#### THE DATA
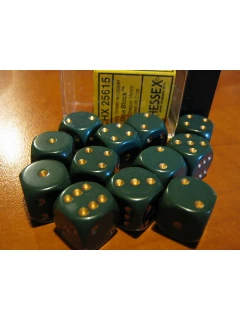 Dobókocka - 6 Oldalú 16mm-es, 12db-os Szett Plexi Dobozban - Opaque 16mm D6 With Pips Dice Blocks - Dusty Green/Gold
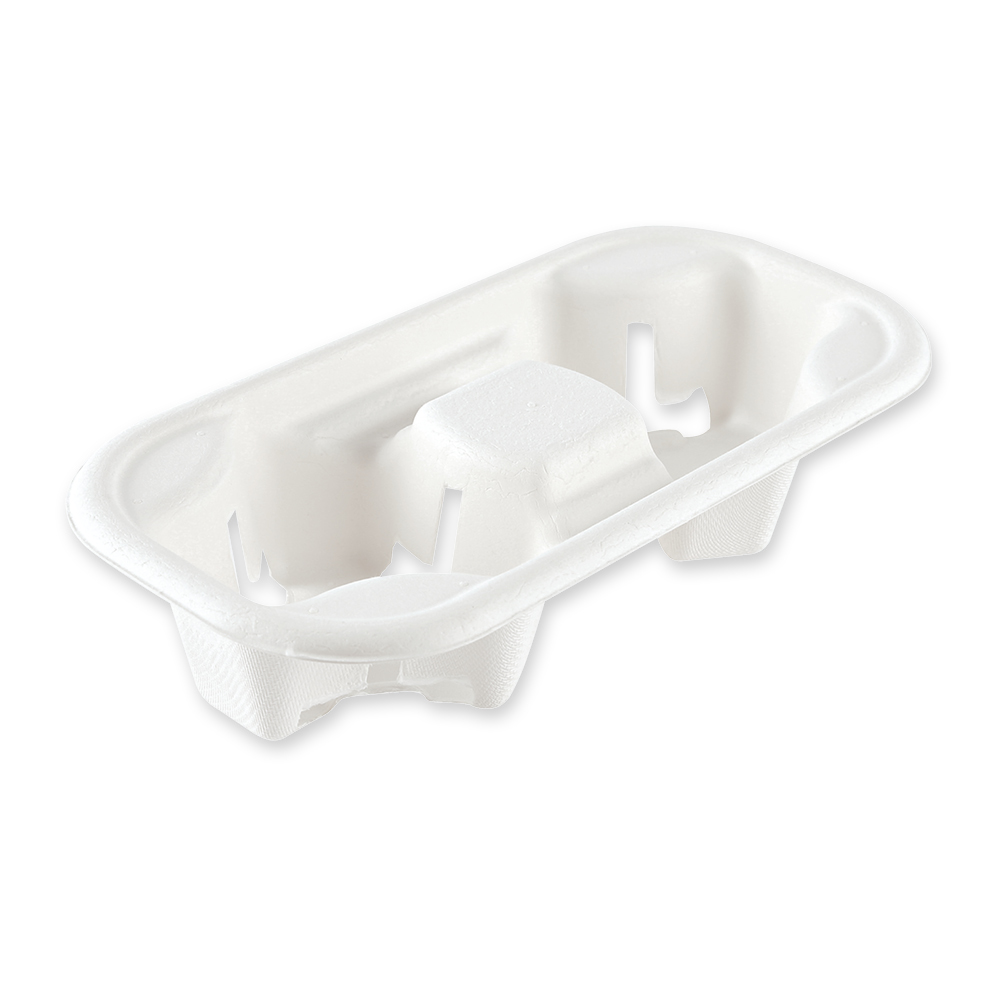Bio Becherhalter Double | Zuckerrohr, Schrägansicht Bio Becherhalter Double aus Zuckerrohr, Schrägansicht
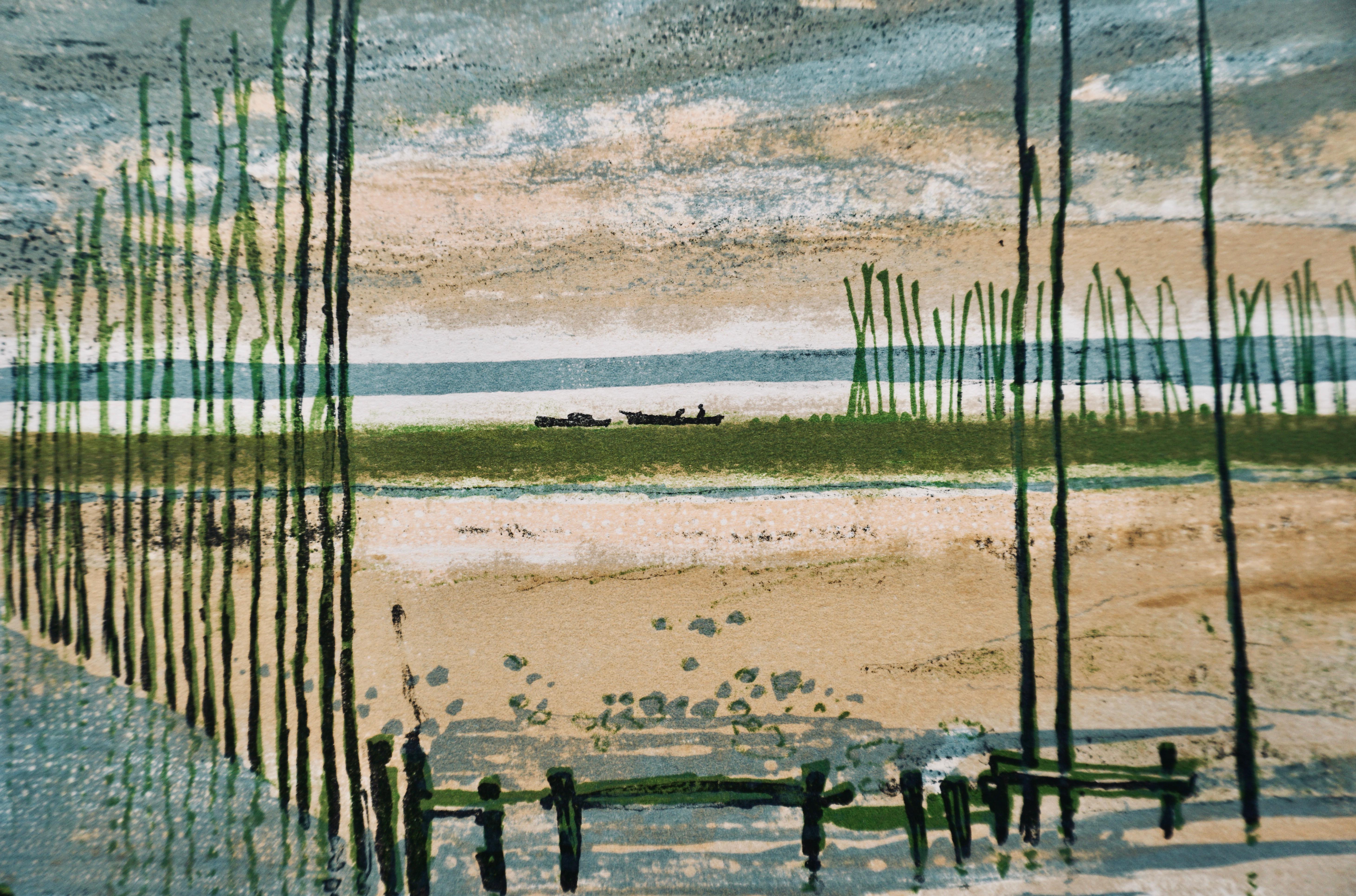 Fishing landscape scene - Post-War Print by René Genis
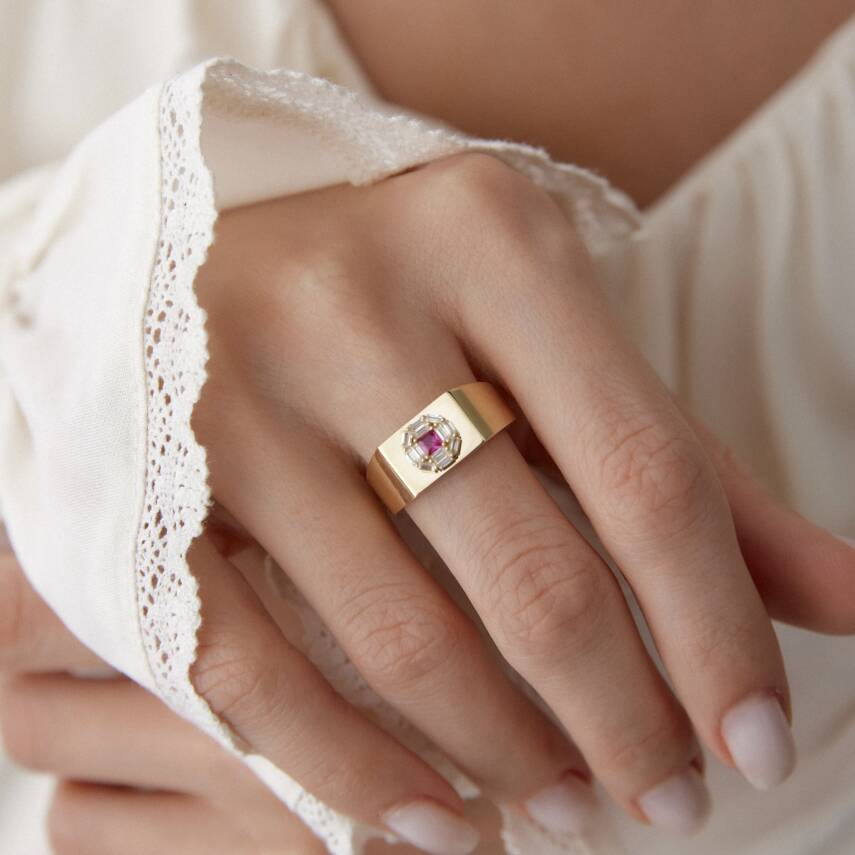 Altın Pembe Taşlı Şövalye Yüzük - 3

#### ABOUT THIS TASK
Pictures aside, repeat every line of the data above exactly.

#### PROBLEM SOLUTION
 Dobókocka - 6 Oldalú 16mm-es, 12db-os Szett Plexi Dobozban - Opaque 16mm D6 With Pips Dice Blocks - Dusty Green/Gold
Bio Becherhalter Double | Zuckerrohr, Schrägansicht Bio Becherhalter Double aus Zuckerrohr, Schrägansicht
 Fishing landscape scene - Post-War Print by René Genis
 Altın Pembe Taşlı Şövalye Yüzük - 3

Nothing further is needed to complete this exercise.